The Dallas Fed paper also finds damaging downstream effects on wages and public finances: per-capita labor income fell in affected localities, reflecting a compositional shift toward lower-paid workers, and government transfers per capita declined as newly arrived workers were less likely to use safety-net programs. In other words, the rush of new labor masked an erosion of average household earning power while straining local housing — a double hit for middle-class families trying to get ahead.

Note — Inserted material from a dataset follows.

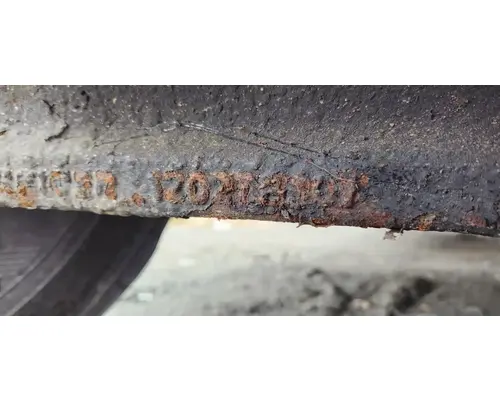 Peterbilt 386 Axle Assy, Fr (4WD)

If Washington’s priority is truly affordability for Americans, the remedy is obvious: enforce immigration laws, secure the border, and restore sensible migration controls so housing markets and communities can stabilize. Policymakers who pretend this is merely an economic abstraction do so at the expense of citizens who work, save, and play by the rules. The Dallas Fed’s sober analysis should be a wake-up call to any leader who still believes open borders are cost-free.
Finally, conservative Americans should demand accountability from elected officials and the media that too often cheerlead for ideological open-borders experiments while ignoring the real victims — families priced out of neighborhoods, young people denied homeownership, and taxpayers left to clean up the bill. The data are clear; the choice is ours: stand for secure borders and common-sense policy, or keep letting bad decisions drive up the price of the American dream.